The spread varies materially by lender type. Denomination extension funds offer the smallest spreads (often 1.0–1.5% above Treasury) because they are mission-driven nonprofits lending to their own member churches. Traditional banks apply the largest spreads (3.0–4.5% above Treasury) because they treat church loans as commercial real estate with limited resale liquidity.
Your individual rate within a lender's range depends on your church's financial profile. The stronger your DSCR, the lower your LTV, and the more stable your organization, the lower your rate will be. Existing borrowers can sometimes lower their rate through a church refinance when rates drop or their financial profile improves.
The rate formula
Benchmark
4.56%
Spread
1.25–4.5%
Your rate
5.81–9.06%
Typical spreads over Treasury
Your Rate, Specifically
What affects your specific rate
Two churches can apply to the same lender on the same day and receive offers 1–2% apart. These are the seven factors that determine where in a lender's range your rate lands.
| Factor | Impact | Direction | Rate effect |
|---|---|---|---|
| DSCR (Debt Service Coverage) | High | Lower DSCR = higher rate | ±0.50% |
| LTV (Loan-to-Value) | High | Higher LTV = higher rate | ±0.40% |
| Annual giving stability | Medium | Declining giving = higher rate | ±0.30% |
| Cash reserves position | Medium | Thin reserves = higher rate | ±0.25% |
| Years operating | Medium | <5 years = higher rate | ±0.20% |
| Capital campaign active | Low | Documented campaign = lower rate | −0.10 to −0.25% |
| Denomination affiliation | High | Member status = lower rate | −0.50 to −1.50% |
The cumulative spread between weakest and strongest profiles is roughly 2.0–2.5%. On a $2M loan over 25 years, that is $400,000–$600,000 in lifetime interest difference. Knowing where you stand before you apply matters.

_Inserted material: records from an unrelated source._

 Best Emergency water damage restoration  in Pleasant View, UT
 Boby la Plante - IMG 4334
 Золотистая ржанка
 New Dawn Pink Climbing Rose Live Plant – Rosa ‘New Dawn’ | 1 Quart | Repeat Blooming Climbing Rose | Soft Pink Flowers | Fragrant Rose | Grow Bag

Score my profile →Lower Your Quote
Eight ways to get a better church loan rate
The spread between the best and worst legitimate quotes on the same deal is typically 1.00 to 1.50%. On a $2M loan over 25 years, every 0.50% saved is roughly $46,000 less interest per million borrowed. These moves reliably tighten your quote.
Rate-shop across three lender types, not three lenders
Pull one quote from an extension fund (if eligible), one from a community bank or credit union, and one from a regional bank or church finance broker. The spread between types routinely runs 0.75 to 1.25%.

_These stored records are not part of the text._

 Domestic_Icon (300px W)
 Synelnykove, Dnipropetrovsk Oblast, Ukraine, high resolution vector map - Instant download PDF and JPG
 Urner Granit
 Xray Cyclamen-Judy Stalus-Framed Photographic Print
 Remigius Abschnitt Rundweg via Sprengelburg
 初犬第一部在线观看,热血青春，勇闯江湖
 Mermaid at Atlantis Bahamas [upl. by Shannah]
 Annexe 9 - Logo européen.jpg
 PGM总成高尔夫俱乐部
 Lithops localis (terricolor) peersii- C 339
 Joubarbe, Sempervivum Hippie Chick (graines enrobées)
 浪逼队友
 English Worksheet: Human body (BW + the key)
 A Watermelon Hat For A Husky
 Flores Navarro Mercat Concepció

Fix DSCR and giving-trend before you apply
If your DSCR sits between 1.20x and 1.30x, spend 60 to 90 days getting it cleanly above 1.35x first. A lender that sees 1.45x and 18 months of giving growth often quotes 0.50% better than one that sees 1.23x and a flat year.

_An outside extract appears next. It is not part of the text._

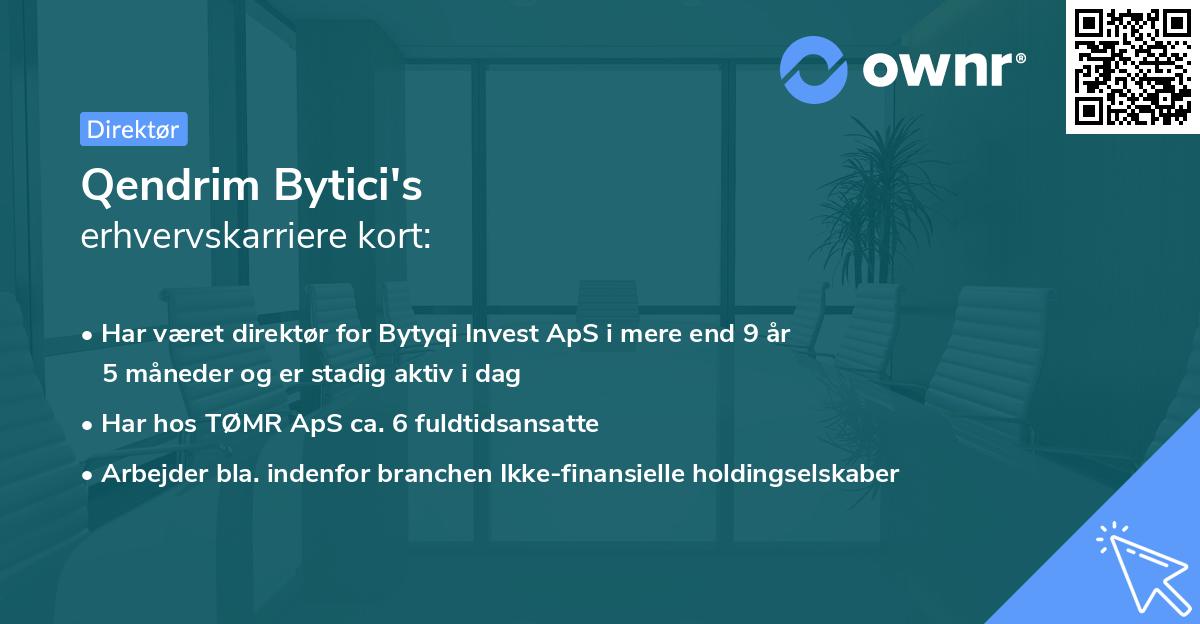 Qendrim Bytici's erhvervskarriere kort
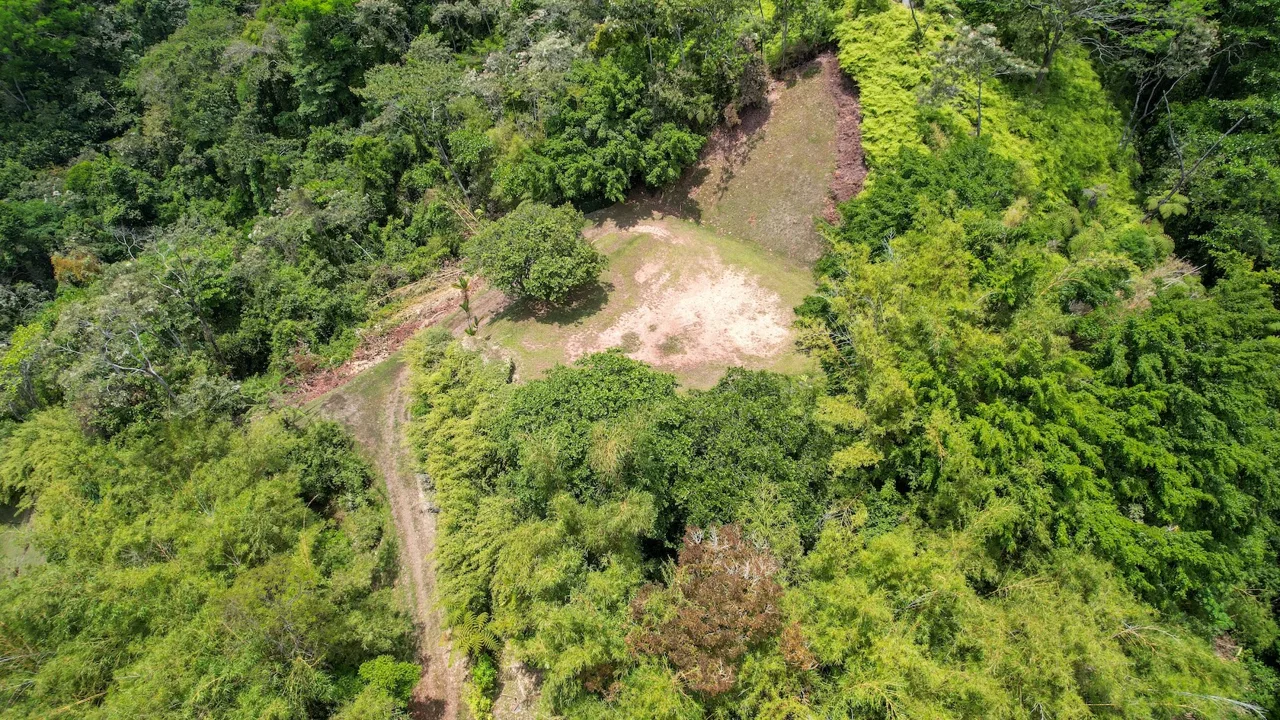 BUILDING PROPERTY WITH OCEAN VIEWS, NEAR TO THE WATERFALL, IN UVITA – 1.93 ACRES, photo 11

Use denominational affiliation explicitly
If you qualify for an extension fund, always get their quote even if you expect to take a bank offer. "Our denominational fund is at 6.25%" is the most effective sentence in a bank rate negotiation.
Ask for a rate match
Most community and regional banks will match, or come within 0.10% of, a legitimate written quote from a competitor. Collect your two tightest quotes and ask your preferred lender directly.
Consider points on a long-hold loan
Paying 1 point typically buys the rate down 0.20 to 0.30%, with a 4 to 6 year breakeven. A clear win on a 25-year hold; rarely worth it on a loan you may refinance in 5 years.
Negotiate the structure, not just the rate
A 90-day lock at 7.00% can beat a 30-day lock at 6.75% when rates are volatile, and a friendlier prepayment structure can be worth more than 0.25% of rate. Evaluate the whole term sheet.
Time the Treasury, within reason
You will not call the bottom, but if your close date is flexible, lock into a 10-year Treasury downtrend rather than the week after a surprise inflation print. Never delay a project deadline to chase basis points.
Bring complete underwriting materials on day one
Lenders price up for uncertainty. Three years of financials, budget vs. actuals, board minutes, and a pro forma DSCR in one email gets a tighter spread than six weeks of document chasing.
When to lock vs. float your rate
Lock when
- You are within 30 to 45 days of a firm close and the deal is approved
- The 10-year Treasury is rising and your rate moves with it
- Your budget cannot absorb a 0.25%+ surprise at close
- The loan funds construction, where a blown budget line derails the build
Consider floating when
- Close is more than 60 days out and the lock fee is material
- The 10-year is in a clear downtrend and you can tolerate reversal risk
- You have budget headroom and would rather not pay for certainty
- Your lender offers a float-down option (lock, but re-lock lower if rates fall); usually worth taking
Is now a good time to borrow?Compare today's rate to your real alternative, not to a chart. Waiting 18 months for a 0.50% improvement saves about $100 per month per $2M borrowed, while rent, rising construction costs, and a missed campaign window usually cost far more. If the credit math works, the ministry math almost always follows.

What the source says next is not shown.